Sometimes Always Never review: a wow-fest of word wizardry

Can a whole film really be all about a simple game of Scrabble? Oh yes, yes it can. This film centres entirely around one game and the lasting consequences of it. Sound boring? Not even slightly. Every moment of this beautiful film is an absolute pleasure. It will make you grab the old battered game off the shelves, dust it down and wise up on your words.

It’s a wordsmith’s dream film. If you’re a language lover or a lexicon lush it’s one for you – it’s all about words – or I suppose more about communication, our struggle with it, how we do it, the method, the means, its subtlety and ultimately its importance.

The always-oh-so-dapper Bill Nighy (Alan – who happens to be a tailor) is a father (actually now a grandfather) in search of his missing son (Michael) who walked out in the middle of a game of Scrabble many years ago. Nighy and his other now grown-up son Peter (Sam Riley) are reunited when they go to identify a body which could be Michael.

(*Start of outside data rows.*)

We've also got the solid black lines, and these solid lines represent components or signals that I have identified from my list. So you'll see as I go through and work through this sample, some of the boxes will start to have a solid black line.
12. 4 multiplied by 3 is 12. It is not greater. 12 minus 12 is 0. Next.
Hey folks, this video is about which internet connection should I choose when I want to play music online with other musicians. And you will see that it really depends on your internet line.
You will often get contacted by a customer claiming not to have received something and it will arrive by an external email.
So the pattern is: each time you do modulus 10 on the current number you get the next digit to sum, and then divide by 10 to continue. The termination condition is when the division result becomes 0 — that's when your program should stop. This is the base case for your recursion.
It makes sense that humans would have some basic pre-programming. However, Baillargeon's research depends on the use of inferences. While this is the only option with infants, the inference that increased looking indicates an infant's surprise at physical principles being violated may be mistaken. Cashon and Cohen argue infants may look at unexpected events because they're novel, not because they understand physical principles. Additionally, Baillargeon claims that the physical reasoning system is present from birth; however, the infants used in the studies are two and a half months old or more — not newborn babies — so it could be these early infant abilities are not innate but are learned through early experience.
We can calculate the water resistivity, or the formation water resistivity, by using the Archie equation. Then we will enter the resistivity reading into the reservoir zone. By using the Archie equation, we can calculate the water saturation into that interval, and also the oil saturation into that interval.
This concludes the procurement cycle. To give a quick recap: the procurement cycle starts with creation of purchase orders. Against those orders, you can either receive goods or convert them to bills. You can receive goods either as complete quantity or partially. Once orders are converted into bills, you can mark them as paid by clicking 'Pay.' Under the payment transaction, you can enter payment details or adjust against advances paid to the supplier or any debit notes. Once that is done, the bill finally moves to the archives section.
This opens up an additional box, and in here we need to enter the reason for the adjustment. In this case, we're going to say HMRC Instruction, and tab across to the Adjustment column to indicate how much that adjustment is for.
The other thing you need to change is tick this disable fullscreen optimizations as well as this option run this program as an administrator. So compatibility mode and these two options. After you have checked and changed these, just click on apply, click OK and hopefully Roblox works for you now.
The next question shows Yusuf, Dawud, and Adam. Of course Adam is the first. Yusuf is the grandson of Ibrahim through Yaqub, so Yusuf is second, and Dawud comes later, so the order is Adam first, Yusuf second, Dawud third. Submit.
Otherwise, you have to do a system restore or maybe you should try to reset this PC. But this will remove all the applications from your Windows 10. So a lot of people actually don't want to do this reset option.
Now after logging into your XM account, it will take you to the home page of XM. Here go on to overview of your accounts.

They are awkward souls and dismissive of each other but have to rub along together for the sake of the missing Michael. Silence, stutterings and snippets of conversations through shut doors are how they try to reach each other.

Alan is the ninja of the Scrabble world and hustles unsuspecting players with his charm and wit – which he mashes up nicely with killer word score smackdowns. He’s brilliant with words and knows some crazy definitions of things I certainly have never heard of but he is totally lost when it comes to using words to communicate with his son.

The most effective way he finds of reaching out is using a name labeller (usually used to mark items like guitar cases etc), to leave little messages – the most touching is one he leaves for his grandson Jack (Louis Healy) after he stays over with Peter’s family and shares Jack’s bunkbed. Alice Lowe is wonderfully wonderful as Peter’s wife Sue and the scene she has with Jack at the bus stop is hilarious and awkward – and frankly genius.

At the start of the film it’s hard to know when it’s set but I think that’s a clever way of showing that all the characters are living in the present day but somehow stuck or rooted to the time when they lost Michael.

Frank Cottrell-Boyce has written, rather crafted, something compelling and important here and he’s created complex characters which you really care about. Better still is that once Cottrell-Boyce knew he had Nighy onboard he rewrote large chunks just for him – which is marvellous and shows. Carl Hunter directs and his debut is absolutely top-notch as the film is exquisite to watch and beautifully shot.

The title of the film refers to which buttons you should do up on a jacket (from top to bottom). But I’m sometimes sideswiped by a film which is always a joy and means I’ll never forget it. Corny, yep maybe but it is so so SO good that I’m happy to get all corny about it. For the record…Corny: trite, banal, or mawkishly sentimental. And to be absolutely clear – that’s how I’m describing my description of the film – not the film itself. The film itself is utterly mesmerising: capturing one’s complete attention as if by magic.